Pondering on potatoes

There’s some potato harvesting going on nearby. A bit different from the 18th century however. Now heavily mechanised, then it would have been labour intensive, the fields full of people rather than a few lumbering tractors and their associated gizmos.

Potato cultivation was widespread in Cornwall by the 1750s. An observer in the early 1800s wrote that it was the ‘blessing of the poor … cheap, wholesome and nutritious’. As in Ireland, it helped to feed a rapidly growing population. Unlike Ireland, in Cornwall the labouring poor also had resort to salted pilchards. So the effect of the potato blight in 1845, although helping to trigger the last occasion of widespread food rioting in 1847, was not disastrous.

The 1790s and war with France made grain imports difficult and resulted in high prices. The period saw an extension of potato production as a result. This was mainly by small farmers for the market and smallholders in the mining districts for their own consumption. According to the Cornish historian Samuel Drew, writing in the early 1820s, farmers in west Cornwall were planting two crops of potatoes a year. Kidney potatoes were planted in December and taken up in May. The second crop of potatoes went in at the end of April or beginning of May and might be harvested as late as December.

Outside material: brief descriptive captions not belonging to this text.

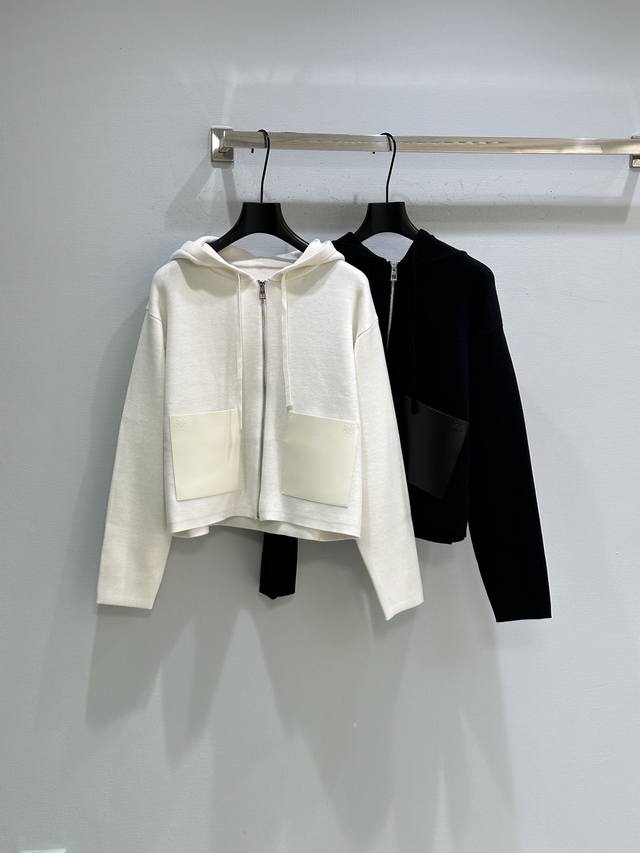 25Ss New Winter Arrival! Medium-weight, compact wool zip-up hooded sweatshirt, l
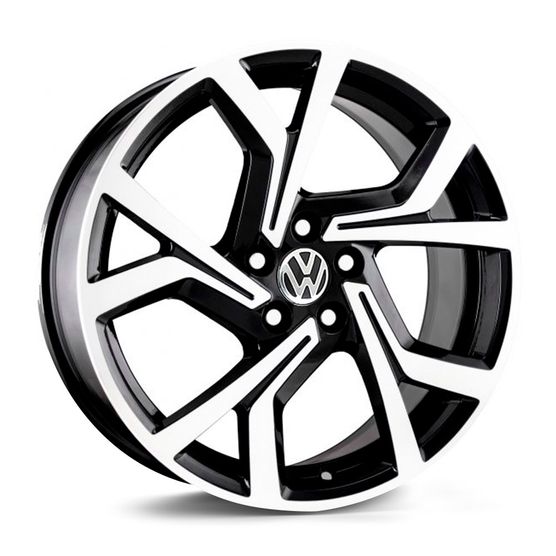 Jogo Roda KR R94 VW Golf GTI Aro 17 - Preta Diamantada Roda R94 Aro 17 - 5x112 Tala: 7,0 Off-Set: 43
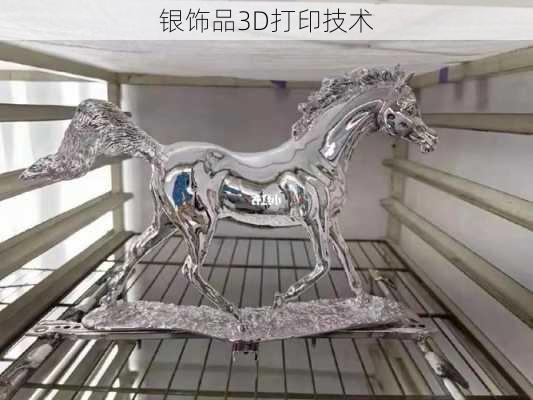 银饰品3D打印技术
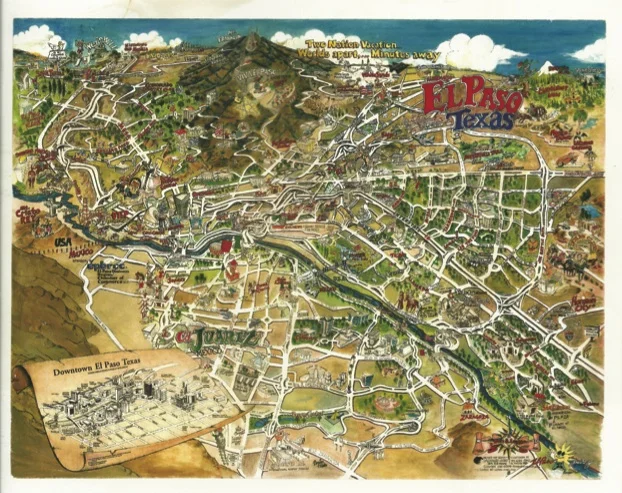 courtesy photo. El Paso tourist map 2013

The spring crop was the forerunner of the early potato trade. Farmers in the Penzance district began to grow potatoes with an eye on upcountry markets. As early as 1808 it was reported that Cornish farmers were supplying potatoes to Plymouth, Portsmouth and London. That early potato trade really began to get under way with the introduction of steamers in 1837 when boats from Hayle and Falmouth began to pick up potatoes from Mounts Bay and deliver to the London market. After the 1850s of course, the railway took over.